• PROBLEM TO SOLVE
For the entries that follow, retype exactly the lines from the one containing "Cole Haan x Nike" to the one containing "Подвесной светильник Imperiumloft", inclusive, and only those. Images stay out of the copy.

• SUPPLIED ENTRIES
◆ ◆ ◆ ◆

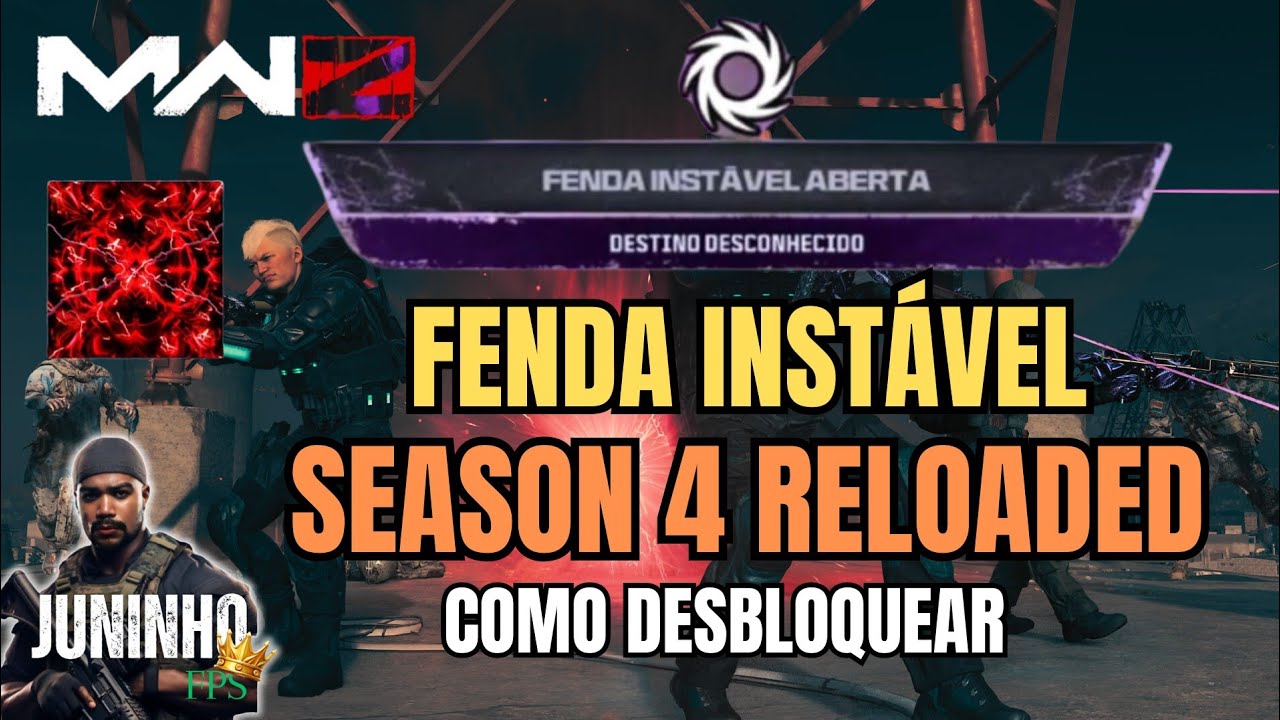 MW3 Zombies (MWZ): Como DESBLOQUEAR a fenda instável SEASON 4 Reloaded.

◆ ◆ ◆ ◆

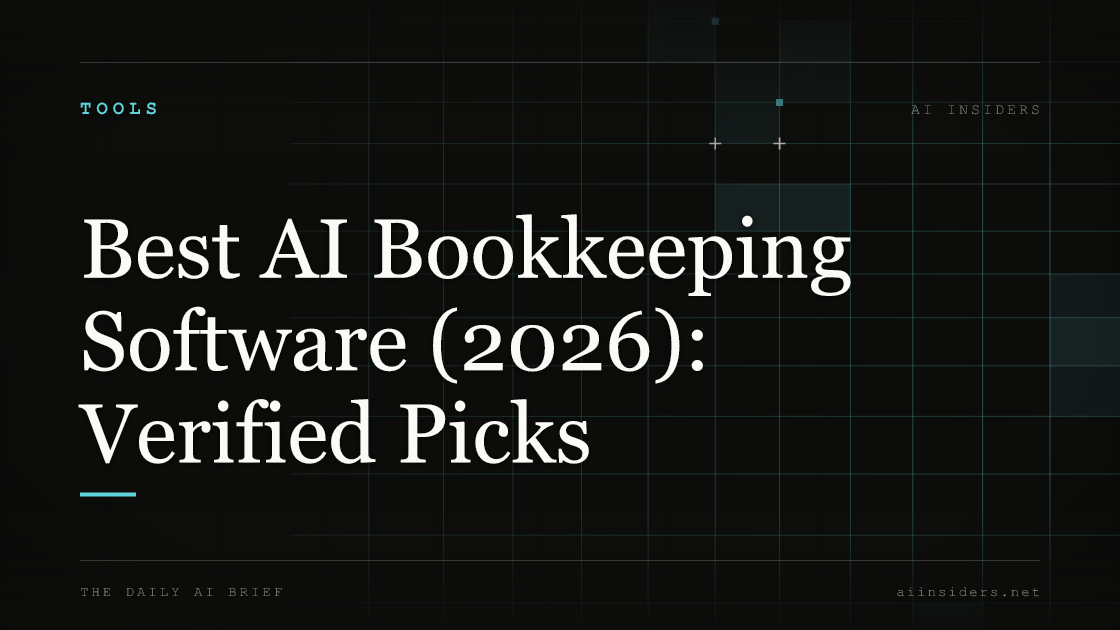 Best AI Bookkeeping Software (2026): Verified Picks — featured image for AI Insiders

◆ ◆ ◆ ◆

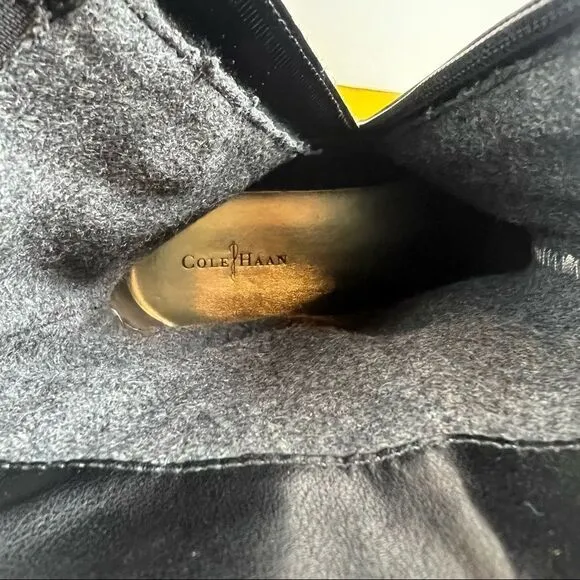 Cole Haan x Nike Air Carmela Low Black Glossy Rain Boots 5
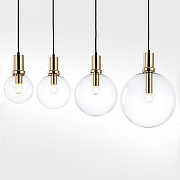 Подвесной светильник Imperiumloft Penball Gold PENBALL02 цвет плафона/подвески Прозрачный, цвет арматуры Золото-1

◆ ◆ ◆ ◆

• ANSWER TO THIS EXERCISE
 Cole Haan x Nike Air Carmela Low Black Glossy Rain Boots 5
 Подвесной светильник Imperiumloft Penball Gold PENBALL02 цвет плафона/подвески Прозрачный, цвет арматуры Золото-1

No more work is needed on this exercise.